From the line containing "Image of WateLves" to the line containing "STRAP GUITARRA/BAJO - ESCOCES ROJO" in the entries below, reproduce every line exactly, ends included. Nothing else belongs in the copy, and no pictures.

Provided entries |
☆ ☆ ☆ ☆ ☆ ☆ ☆

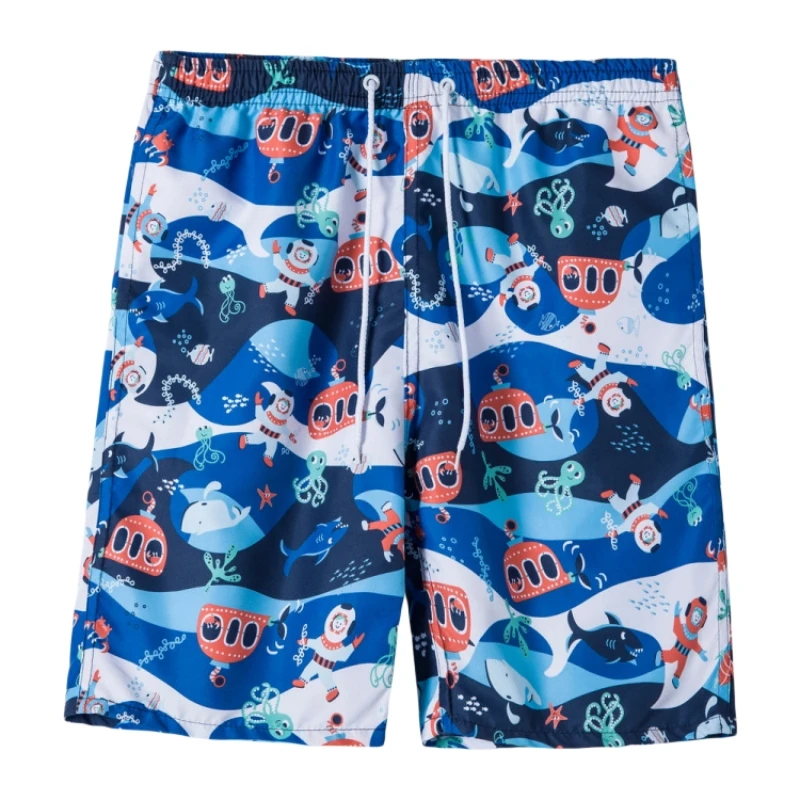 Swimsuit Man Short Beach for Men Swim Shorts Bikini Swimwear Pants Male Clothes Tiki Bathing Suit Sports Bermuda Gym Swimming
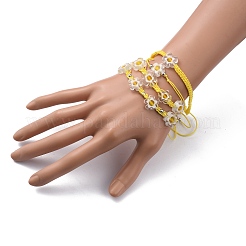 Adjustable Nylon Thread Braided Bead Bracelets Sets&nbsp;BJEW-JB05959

☆ ☆ ☆ ☆ ☆ ☆ ☆

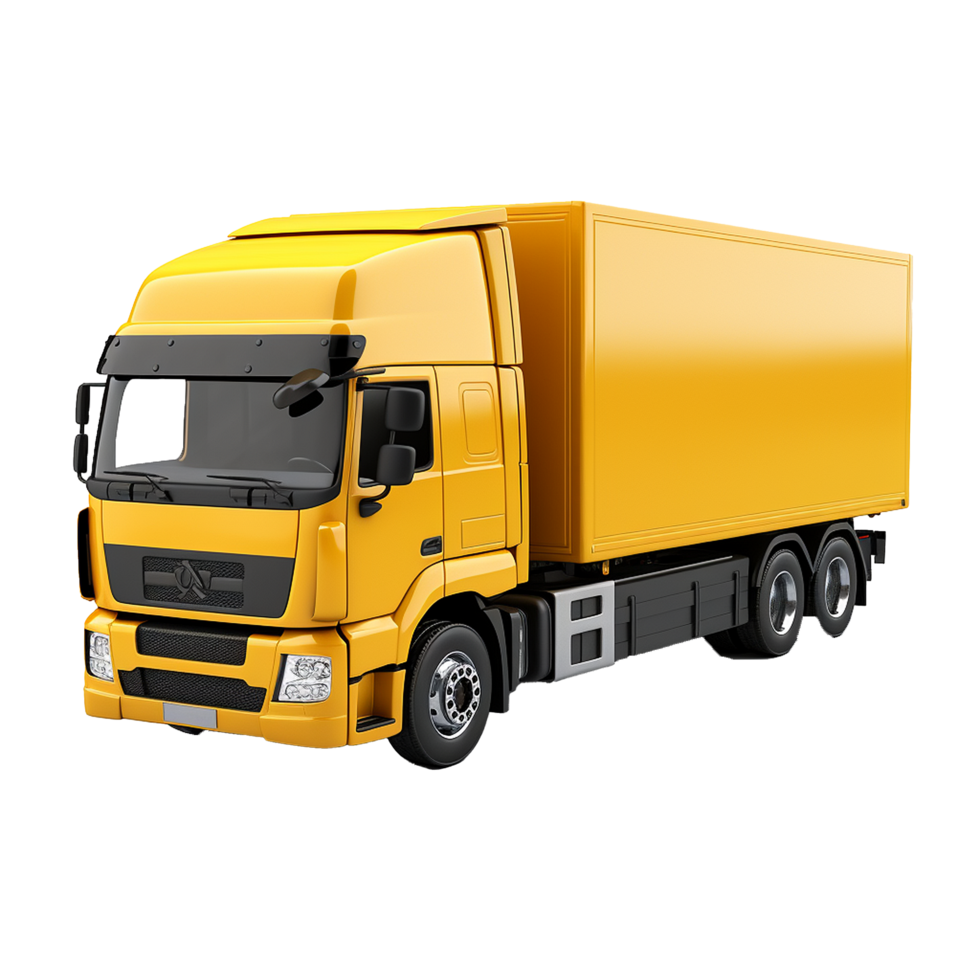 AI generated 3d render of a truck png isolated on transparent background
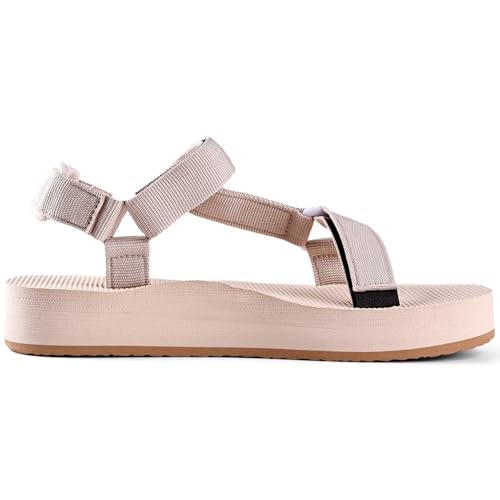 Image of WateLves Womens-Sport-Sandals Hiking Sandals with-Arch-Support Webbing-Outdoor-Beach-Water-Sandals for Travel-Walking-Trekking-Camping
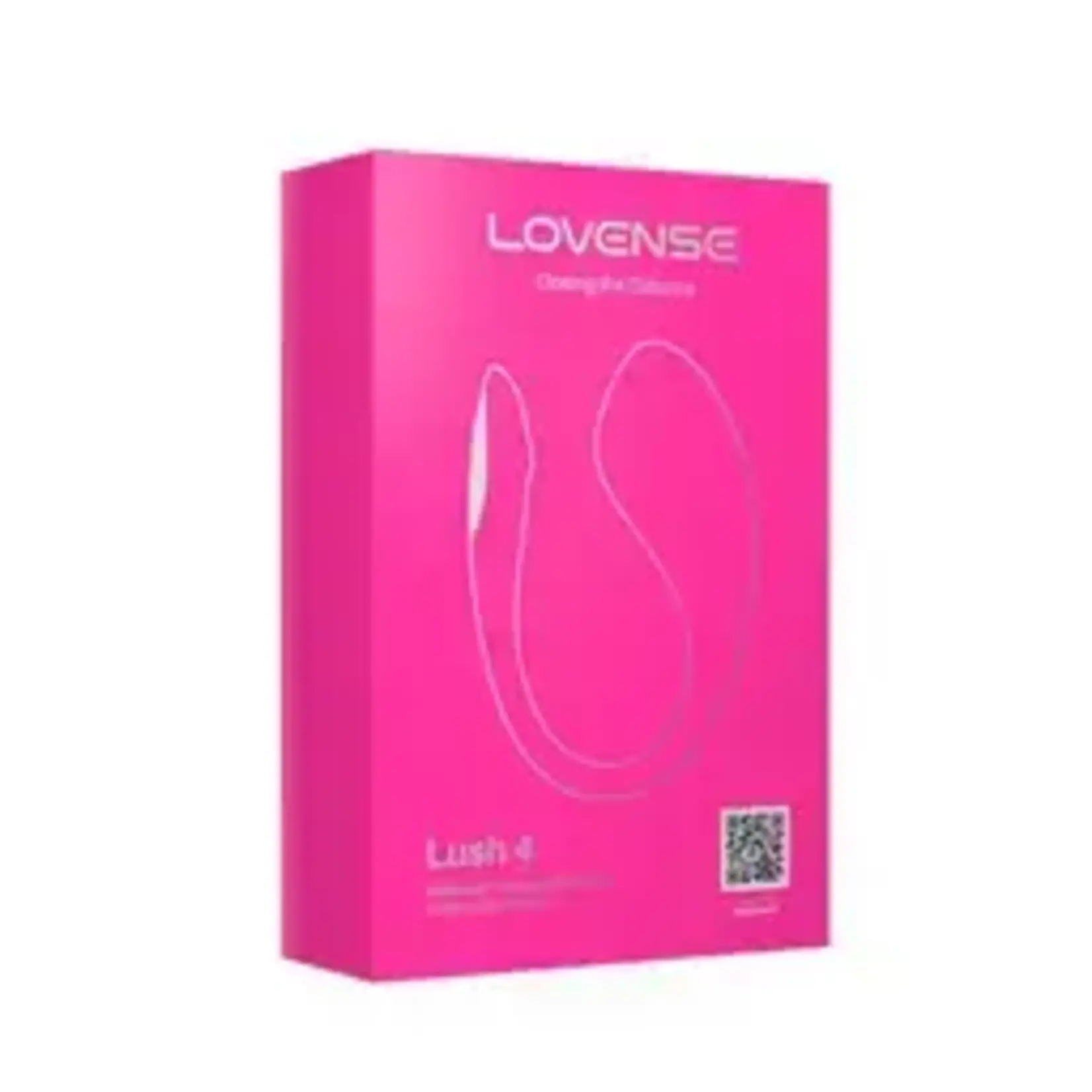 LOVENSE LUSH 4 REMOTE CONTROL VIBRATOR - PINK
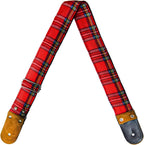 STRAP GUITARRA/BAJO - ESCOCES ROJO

☆ ☆ ☆ ☆ ☆ ☆ ☆

Task result |
 Image of WateLves Womens-Sport-Sandals Hiking Sandals with-Arch-Support Webbing-Outdoor-Beach-Water-Sandals for Travel-Walking-Trekking-Camping
 LOVENSE LUSH 4 REMOTE CONTROL VIBRATOR - PINK
 STRAP GUITARRA/BAJO - ESCOCES ROJO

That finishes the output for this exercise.